Afrika’nın büyük bölümünde sıtma mevsimi bu ay başlıyor. Kıtadaki en ölümcül hastalıklardan biri olmaya devam eden sıtma, özellikle çocukları etkiliyor. ABD’nin uluslararası kalkınma ajansı USAID’in dış yardım sözleşmelerinin yüzde 90’ını kesme kararı, Uganda’daki sağlık yetkilileri arasında büyük endişeye yol açtı.
Uganda’nın sıtma kontrol programını yöneten Dr. Jimmy Opigo, Associated Press’e yaptığı açıklamada, USAID’in Ocak ayı sonunda verdiği fon durdurma kararının kendilerini ve ekiplerini zor bir duruma soktuğunu söyledi.
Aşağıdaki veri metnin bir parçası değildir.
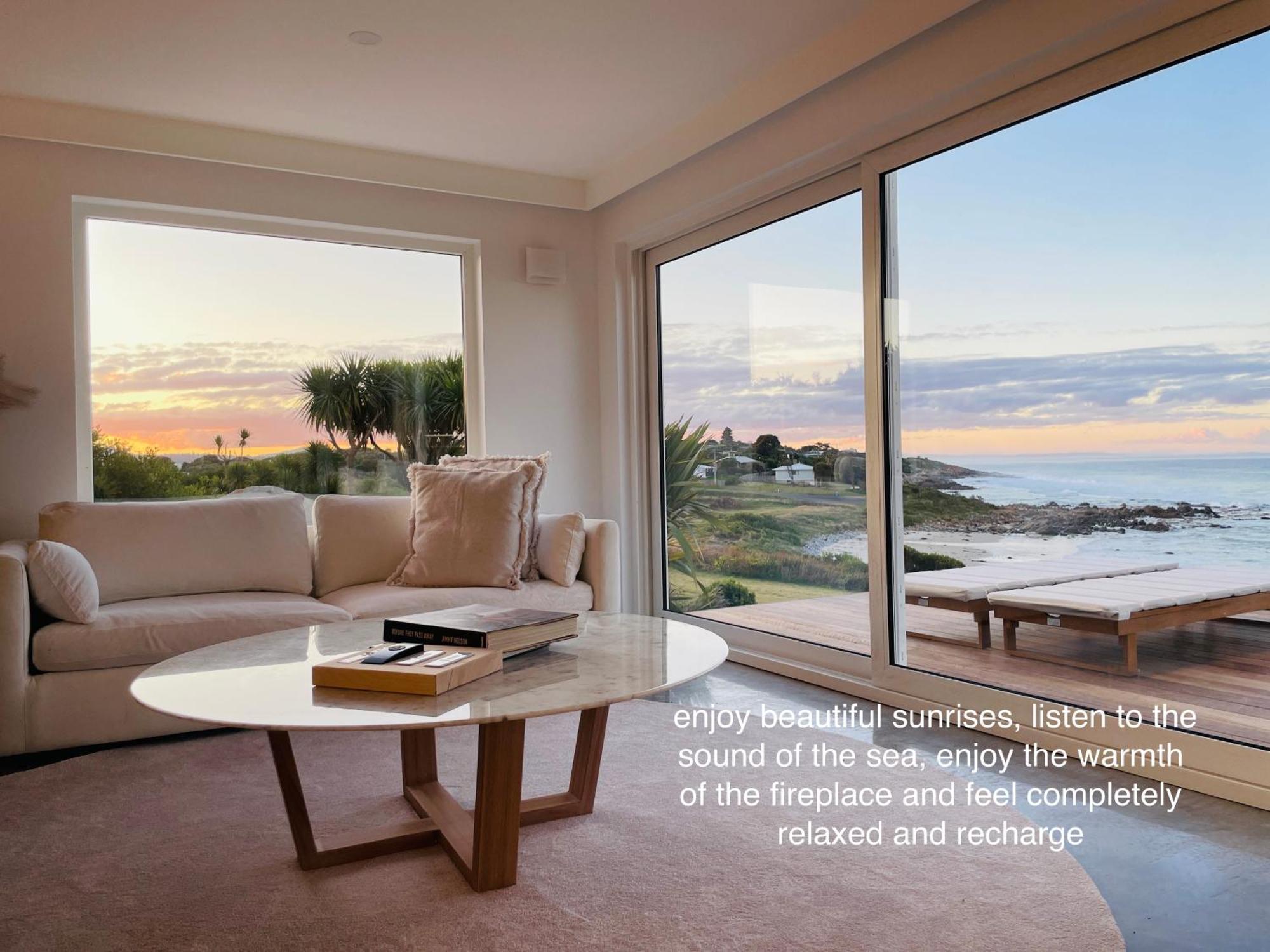 Saltwater - Absolute Oceanfront, Fire Pits, Some Villas With Hot Tubs And Sauna Falmouth Exteriör bild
ABD, Afrika’da sıtmayla mücadelede en büyük destekçilerden biri konumunda.
Opigo, sıtmayı önleyici ilaçlar ve böcek ilacı kaplı cibinliklerin, insanların temel ihtiyaçları kadar önemli olduğunu vurgulayarak, “Sürekli bir tedarik olması gerekiyor” dedi. Kesilen fonlar nedeniyle kaynakların azalmasıyla birlikte, yılın ilerleyen dönemlerinde ciddi sıtma vakalarında artış yaşanacağını ve organ yetmezliği gibi komplikasyonların daha fazla görülebileceğini belirtti.
Sıtmaya kesin bir tedavi bulunmasa da, bazı Afrika ülkelerinde dağıtılan aşılar, çok iyi olmasa da belirli bir koruma sağlıyor. Küresel Aşı İttifakı’nın desteğiyle aşılama çalışmalarının devam etmesi bekleniyor.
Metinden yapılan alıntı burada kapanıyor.